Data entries
========
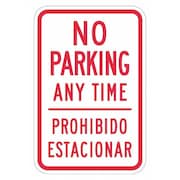 LYLE No Parking Anytime Sign, 18" x 12, T1-2903-DG_12x18 T1-2903-DG_12x18
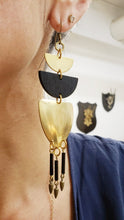 Load image into Gallery viewer, Totem fringe duster earrings
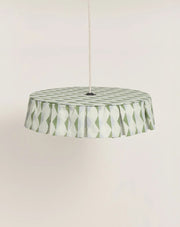 Vibes Lampshade Green Blue Harlequin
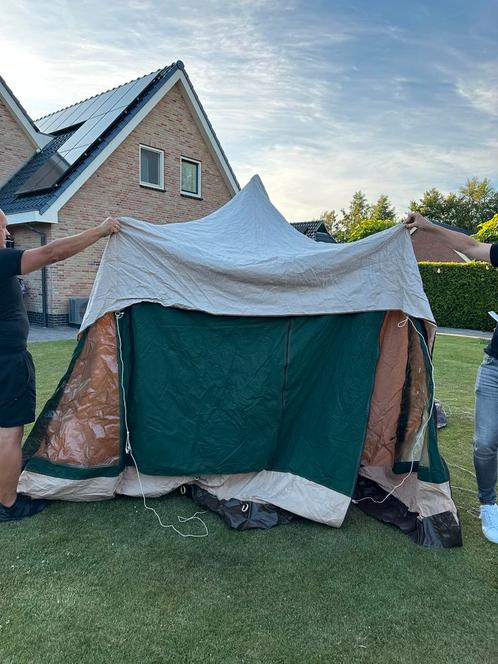 Ten Cate Brand Intercamping Pyramidetent met toebehoren., Caravans en Kamperen, Tenten, meer dan 6, Gebruikt, Ophalen of Verzenden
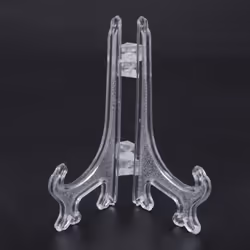 12Pcs 3 Inch Easels or Plate Holders Dinner Plate (Transparent)
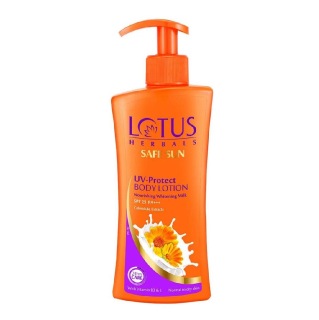 Lotus Herbals Safe Sun UV Protected Body Lotion, 250 Ml Dry Skin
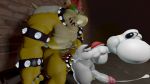  2018 3d_(artwork) 5_fingers anal animal_humanoid anthro balls bowser cum cum_in_ass cum_inside cumshot digital_media_(artwork) duo ejaculation humanoid male male/male mario_bros muscular nintendo orgasm penetration qualske98_(artist) sex source_filmmaker video_games yoshi 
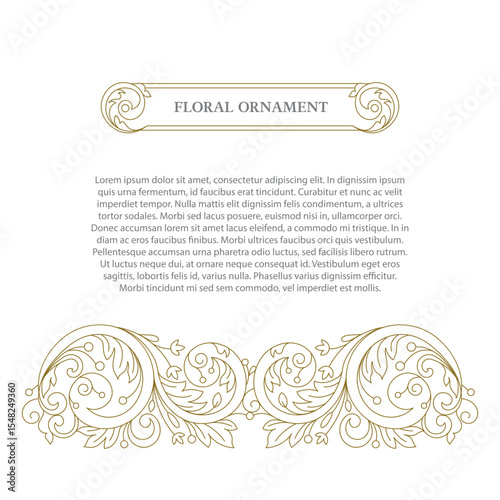 Vector set of vectorian ornamental design, vignettes for design template. Design elements in oriental style. Decor for invitations, greeting cards, certificates, thank you message.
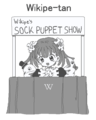 Her w:sock puppet show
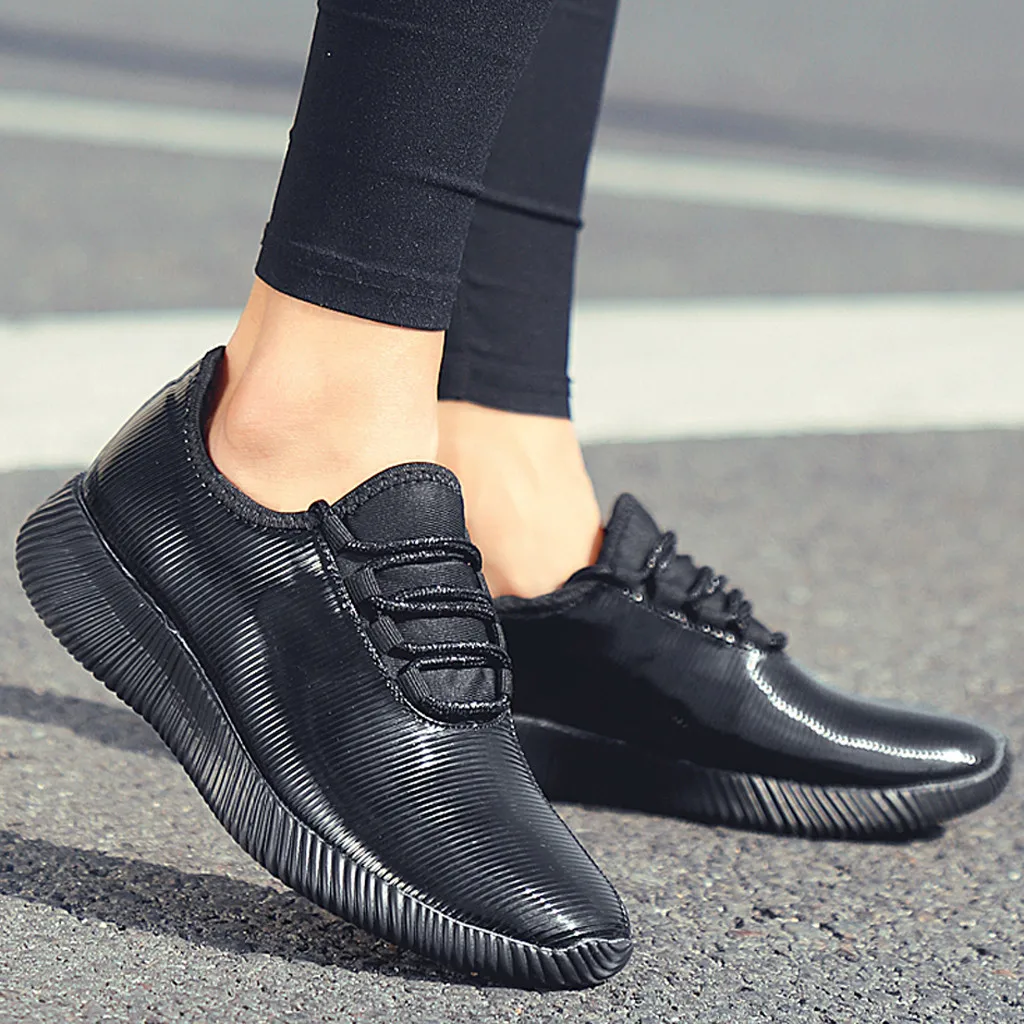 KANCOOLD/модные зеркальные женские кроссовки; повседневные Светоотражающие кроссовки без шнуровки; легкая эластичная обувь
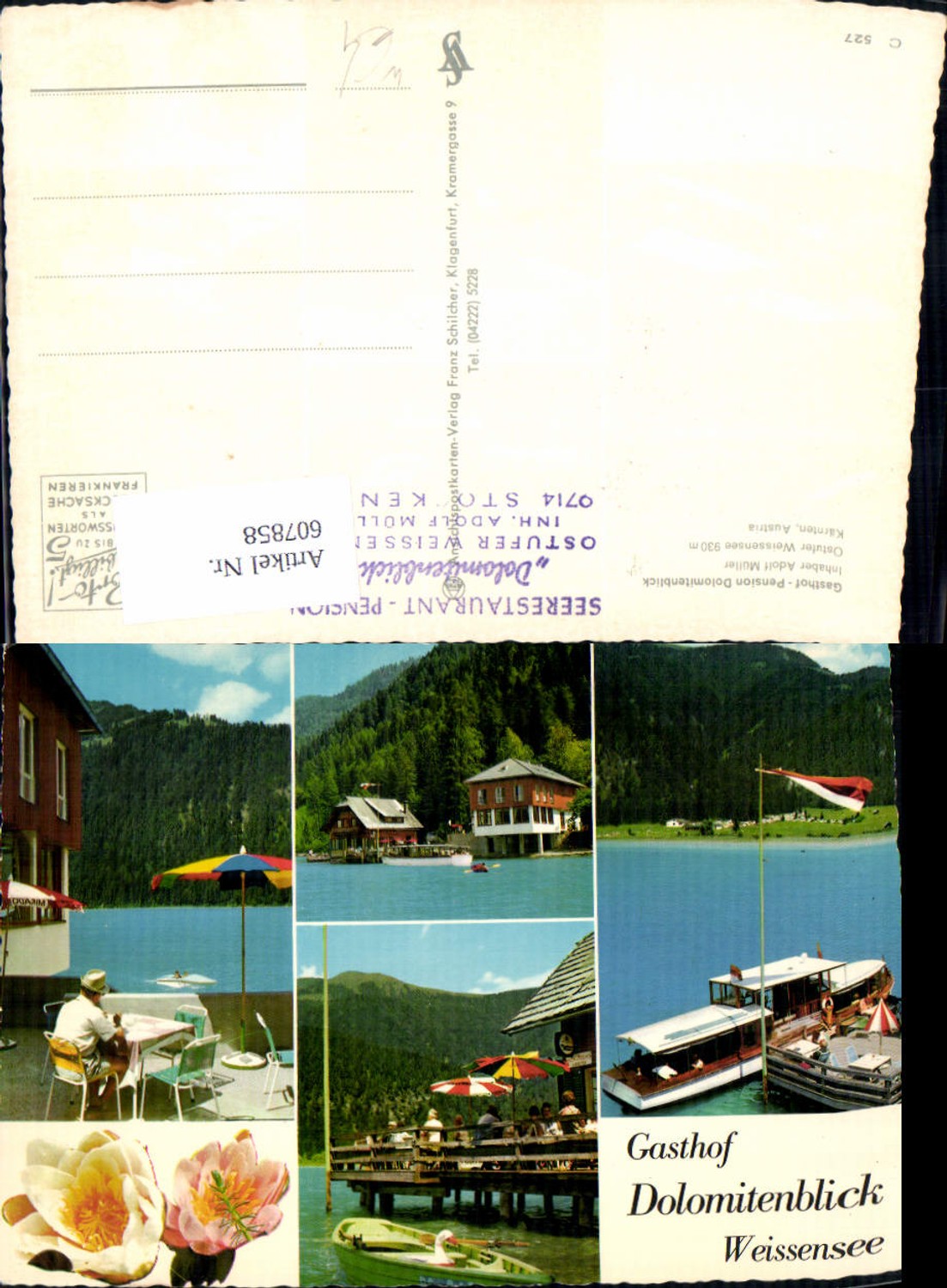607858, Multi-image Ak East Shore of Lake Weissensee Stockenboi Gasthof Pension Dolomitenblick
========
- Work request
Above, find the line with "Ten Cate Brand"; copy it and every line down to the line with "2018 3d_(artwork) 5_fingers", exactly and both included, but no pictures.

- Problem solution
 Ten Cate Brand Intercamping Pyramidetent met toebehoren., Caravans en Kamperen, Tenten, meer dan 6, Gebruikt, Ophalen of Verzenden
 12Pcs 3 Inch Easels or Plate Holders Dinner Plate (Transparent)
 Lotus Herbals Safe Sun UV Protected Body Lotion, 250 Ml Dry Skin
  2018 3d_(artwork) 5_fingers anal animal_humanoid anthro balls bowser cum cum_in_ass cum_inside cumshot digital_media_(artwork) duo ejaculation humanoid male male/male mario_bros muscular nintendo orgasm penetration qualske98_(artist) sex source_filmmaker video_games yoshi 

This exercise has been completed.